Max Romeo chronology
| Revelation Time (1975) | War Ina Babylon (1976) | Reconstruction (1977) |

= War Ina Babylon =

War Ina Babylon is a studio album by Max Romeo and Lee Perry's backing band the Upsetters, released in 1976.

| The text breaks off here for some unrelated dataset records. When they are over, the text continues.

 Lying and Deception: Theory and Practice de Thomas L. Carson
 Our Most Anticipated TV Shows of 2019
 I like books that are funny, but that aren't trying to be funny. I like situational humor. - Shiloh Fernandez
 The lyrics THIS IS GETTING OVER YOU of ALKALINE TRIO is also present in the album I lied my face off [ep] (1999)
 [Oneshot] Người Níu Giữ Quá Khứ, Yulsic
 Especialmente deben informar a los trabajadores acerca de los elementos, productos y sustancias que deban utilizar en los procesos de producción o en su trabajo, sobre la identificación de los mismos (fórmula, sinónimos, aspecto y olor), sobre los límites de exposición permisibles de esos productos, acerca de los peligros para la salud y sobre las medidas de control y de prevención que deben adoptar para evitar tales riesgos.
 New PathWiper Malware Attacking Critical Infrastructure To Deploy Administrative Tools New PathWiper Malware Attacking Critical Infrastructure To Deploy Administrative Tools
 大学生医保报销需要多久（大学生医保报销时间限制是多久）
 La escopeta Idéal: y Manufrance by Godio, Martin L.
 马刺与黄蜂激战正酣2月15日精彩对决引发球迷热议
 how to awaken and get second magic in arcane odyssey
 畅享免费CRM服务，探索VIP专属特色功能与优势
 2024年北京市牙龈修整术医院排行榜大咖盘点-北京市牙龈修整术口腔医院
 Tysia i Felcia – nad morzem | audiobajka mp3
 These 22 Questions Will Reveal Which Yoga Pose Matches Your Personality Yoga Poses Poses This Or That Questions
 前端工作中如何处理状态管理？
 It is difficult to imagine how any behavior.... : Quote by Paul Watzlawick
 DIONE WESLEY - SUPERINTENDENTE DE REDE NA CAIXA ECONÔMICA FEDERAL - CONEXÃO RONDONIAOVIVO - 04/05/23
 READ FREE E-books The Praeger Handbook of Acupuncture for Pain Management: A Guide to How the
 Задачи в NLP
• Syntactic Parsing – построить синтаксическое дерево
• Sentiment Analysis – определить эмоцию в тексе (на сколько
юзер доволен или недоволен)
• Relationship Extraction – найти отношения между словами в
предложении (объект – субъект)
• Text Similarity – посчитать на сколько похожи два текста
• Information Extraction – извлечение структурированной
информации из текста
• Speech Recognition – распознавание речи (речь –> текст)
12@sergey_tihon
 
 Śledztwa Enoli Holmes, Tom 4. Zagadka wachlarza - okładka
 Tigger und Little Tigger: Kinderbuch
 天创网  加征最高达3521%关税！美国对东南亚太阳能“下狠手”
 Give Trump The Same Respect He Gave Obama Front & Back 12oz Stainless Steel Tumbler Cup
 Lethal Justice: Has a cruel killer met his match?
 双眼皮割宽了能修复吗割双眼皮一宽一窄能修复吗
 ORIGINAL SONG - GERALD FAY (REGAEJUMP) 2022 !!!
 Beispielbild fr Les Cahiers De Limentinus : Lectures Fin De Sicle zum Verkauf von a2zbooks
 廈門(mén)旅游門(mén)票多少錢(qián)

Along with the Heptones' Party Time and Junior Murvin's Police and Thieves, both released in 1977, this album is a part of what is referred to as Lee "Scratch" Perry-produced Black Ark "holy trinity".

Professional ratings
Review scores
| Source | Rating |
| AllMusic | Star Half star |
| Christgau's Record Guide | B+ |
| Reggae Reviews | Star |

==Track listing==
All tracks composed by Max Romeo and Lee "Scratch" Perry except where indicated.

- Side A
1. "One Step Forward" – 5:15
2. "Uptown Babies" (Romeo) – 5:00
3. "Chase the Devil" – 3:27
4. "War ina Babylon" – 4:51
- Side B
5. "Norman" – 4:50
6. "Stealin'" (Romeo) – 3:04
7. "Tan and See" (Romeo, Perry, Brown) – 4:36
8. "Smokey Room" (Romeo, Perry, Brown) – 3:03
9. "Smile Out a Style" – 3:32

==Personnel==
- Max Romeo – lead vocals
- Barry Llewellyn, Earl Morgan – male harmony vocals
- Cynthia Schloss, Marcia Griffiths – female harmony vocals
- Technical
- Lee "Scratch" Perry – production, engineering
- Tony Wright – cover artwork
- Kim Gottlieb – back cover photography

==Singles==
- 1975: "One Step Forward"
- 1976: "War in a Babylon"
- 1976: "Chase the Devil"
- 1977: "Norman"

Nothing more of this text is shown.